Delfzijl – Woensdagavond 21 juni stonden de Groningse hulpdiensten voor een uitdagend scenario: een brand in een kraakpand in het centrum van Delfzijl, twee mannen met een vuurwapen en meerdere vermisten, evenals een groot ongeval met verschillende gewonden en agressieve omstanders. Dit scenario bood een optimale oefenmogelijkheid voor de hulpdiensten.
Langs de Oude Schans in Delfzijl was het een drukte van belang.

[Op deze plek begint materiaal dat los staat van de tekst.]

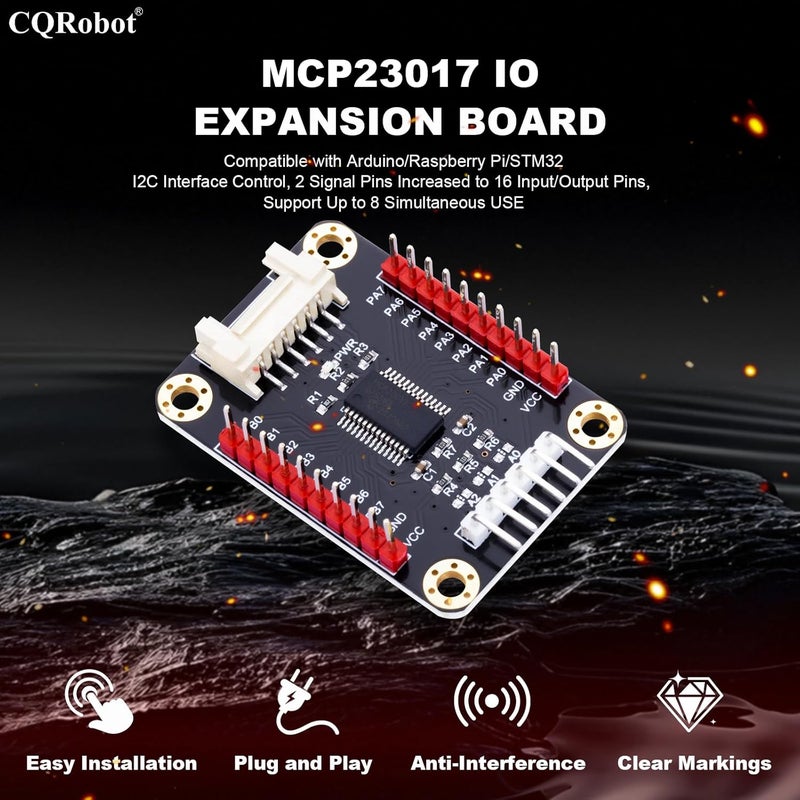 CQRobot MCP23017 IO Expansion Board Compatible with Raspberry Pi/Micro:bit/Arduino/STM32. I2C Interface Control, 2 Signal Pins Increase to 16 Input/Output Pins, Supports UP to 8 Simultaneous Uses. - Image 2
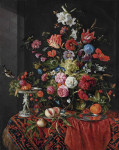 ₴ Картина натюрморт известного художника от 159 грн.: Цветы в стеклянной вазе на драпированном столе, с серебряной таззой, фрукты, насекомые и птицы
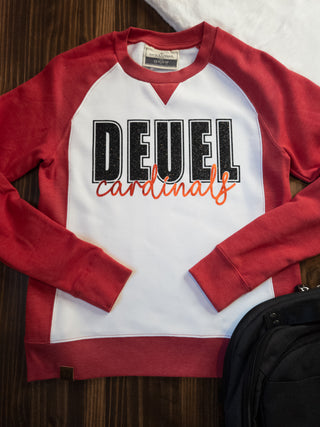 Deuel Cardinals Red League Crewneck - Ladies Fit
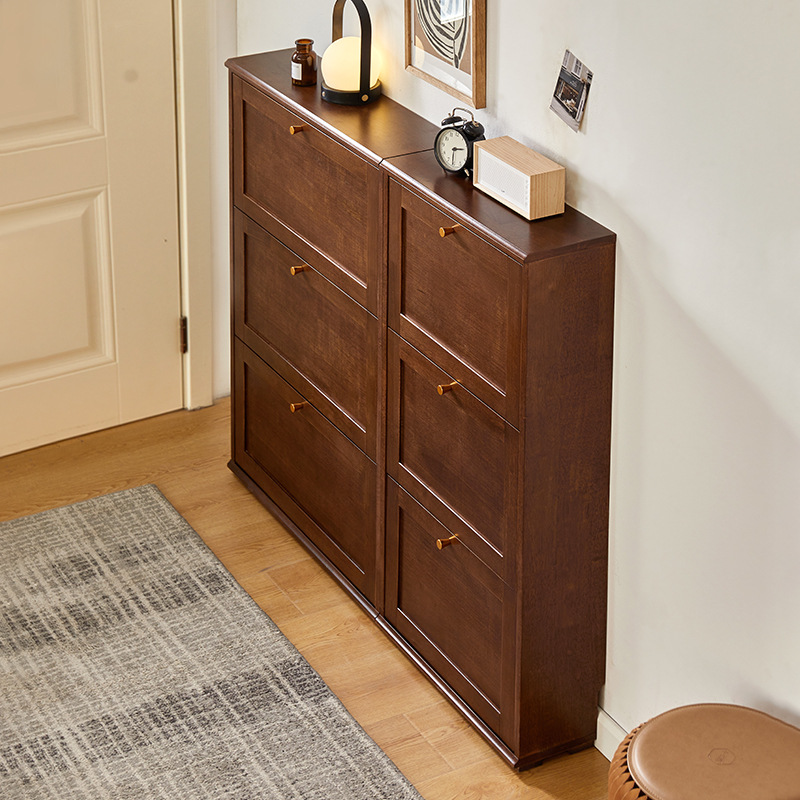 全实木翻斗鞋柜超薄省空间小户型极窄入户门家用门口鞋柜2023新款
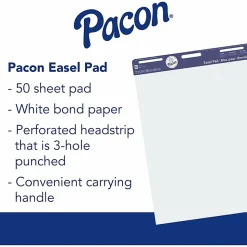 Pacon Unruled Easel Pads - 50 Sheets - Plain - Stapled/Glued - Unruled Front Ruling - 27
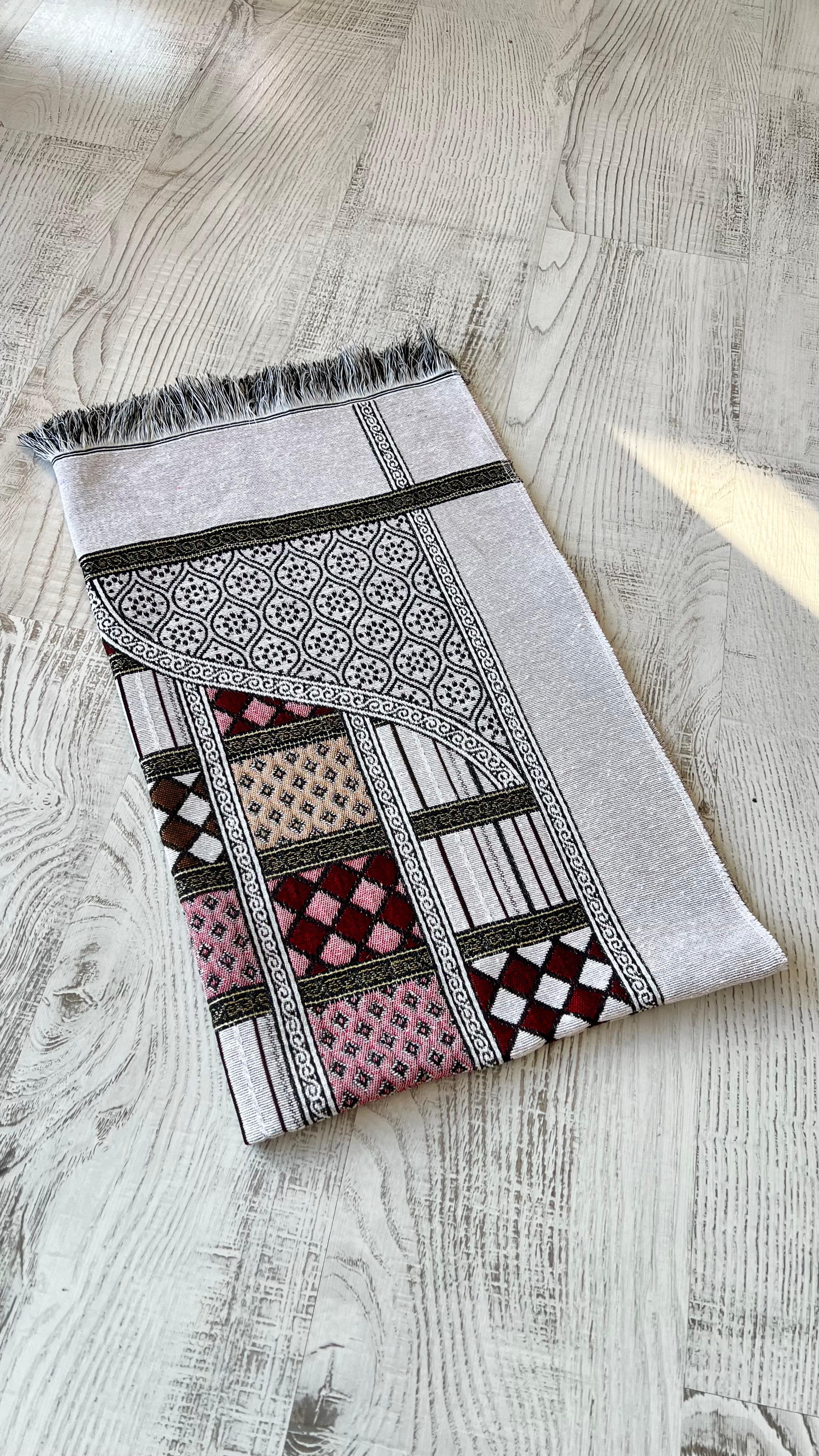 Estat çantalı Pamuklu Goblen 40 Yama Seccade Seti - Bordo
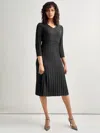Misook Textural Stripe Midi Sweater Dress In Black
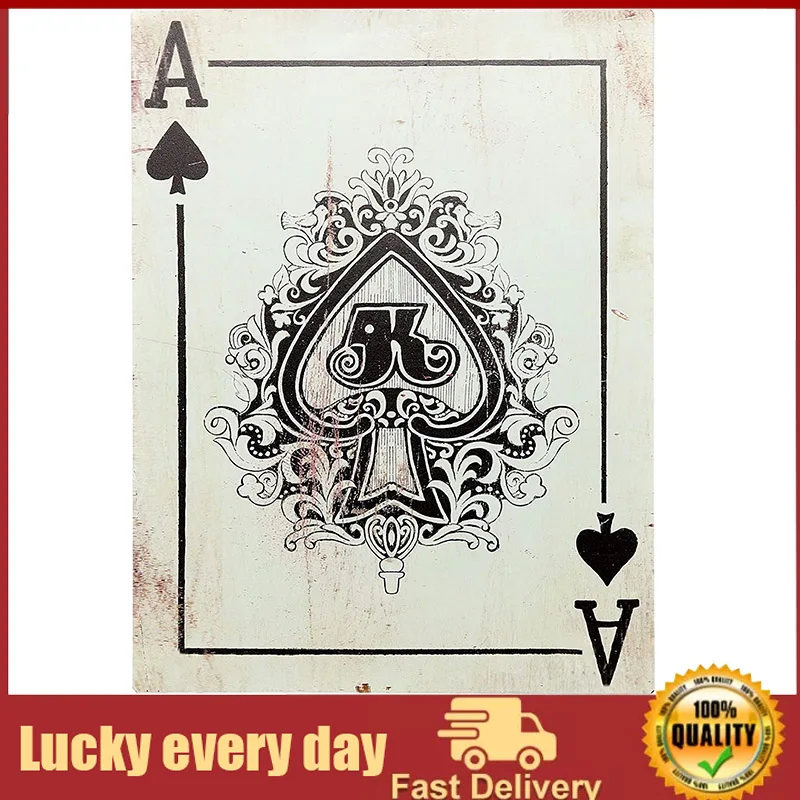 Ace of Spades Retro Vintage Metal Tin Bar Sign, Decorative Wall Art Plaque Farmhouse Country Home Decor Signage Accent metal
Ace of Spades Retro Vintage Metal Tin Bar Sign, Decorative Wall Art Plaque Farmhouse Country Home Decor Signage Accent metal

Naast de aanwezige hulpverleners met hun voertuigen, kwamen ook veel inwoners een kijkje nemen bij de grootschalige oefening waaraan meerdere partijen deelnamen, waaronder de brandweer, politie, ambulancedienst, Meldkamer Noord-Nederland, verkeersregelaars en de gemeente Eemsdelta. Een van de belangrijkste doelen van de oefening was het versterken van de samenwerking tussen de verschillende hulpdiensten, aldus Simon Aardema van Veiligheidsregio Groningen. “Bij een groot incident gebeurt er veel tegelijkertijd. Het is dan essentieel dat de hulpdiensten elkaar snel kunnen vinden en dezelfde taal spreken.”
De keuze om deze grootschalige oefening in het centrum van de stad plaats te laten vinden, was bewust gemaakt om de realiteit zo goed mogelijk na te bootsen, legt Simon uit. “Het is mogelijk dat er een brand uitbreekt of een ongeval plaatsvindt in het centrum van Delfzijl, dus wilden we de oefening zo realistisch mogelijk maken. Daarnaast willen we graag aan de inwoners van Delfzijl laten zien wat de hulpdiensten doen. We zijn trots op ons werk en staan midden in de samenleving.”
Tijdens de oefening stonden twee van de vier kerntaken van de brandweer centraal: brandbestrijding en technische hulpverlening. Het was een uitdaging voor Brandweer Delfzijl en Brandweer Wagenborgen om zo goed mogelijk op de gebeurtenissen in te spelen. Simon legt uit: “We hebben het scenario bewust complex gemaakt, waarbij veel tegelijkertijd gebeurde. De brandweermannen en bevelvoerders moesten prioriteiten stellen: wat doe ik eerst en wat kan later? Bovendien werd de oefening opgeschaald naar het niveau van de hogere commandovoering, omdat de incidenten dusdanig groot werden dat er een GRIP 1-situatie ontstond.”
Roy Tammenga, een verpleegkundige in opleiding bij Ambulancezorg Groningen, blikt positief terug op de avond. “Het was een intensieve oefening met meerdere slachtoffers met ernstige verwondingen, waaronder een schotwond. Het was nuttig om een dergelijke medische situatie te trainen, omdat dat in werkelijkheid zelden voorkomt. Daarnaast is het voor ons als ambulancepersoneel altijd belangrijk om te weten wanneer een situatie veilig is. Die informatie moeten we ontvangen van de brandweer of politie, maar dat kan tijdens een hectisch incident lastig zijn. Het was zeer waardevol om de samenwerking onder hoge druk in de praktijk te oefenen.”
Ook de politie speelde een actieve rol tijdens de oefening. Meinie Boneschansker, oefenleider vanuit de politie, dacht mee over het scenario. “Deze oefening bood een mooie uitdaging voor onze collega’s. Hoe waarborg je bijvoorbeeld je eigen veiligheid als je geconfronteerd wordt met personen die gewapend zijn en jezelf alleen een wapenstok hebt? In dit geval ging het om een mix van surveillanten, studenten en hoofdagenten. Daarnaast moest er worden samengewerkt met de brandweer, omdat de brand tegelijkertijd geblust moest worden.”
Naast het oefenen van hun eigen processen is het voor de politie ook belangrijk om samenwerking met andere hulpdiensten te beoefenen. Meinie legt uit: “Ik zeg altijd: in vredestijd moet je elkaar leren kennen, zodat je in oorlogstijd kunt handelen. Als je elkaar al kent en elkaar kunt aanspreken, kun je veel sneller samenwerken dan wanneer je geen idee hebt wie de ander is. Bovendien is het waardevol om elkaars werkwijzen beter te leren kennen, zodat we elkaar kunnen ondersteunen. Het draait niet om ‘wij versus zij’, maar om gezamenlijk het incident bestrijden met hetzelfde doel.”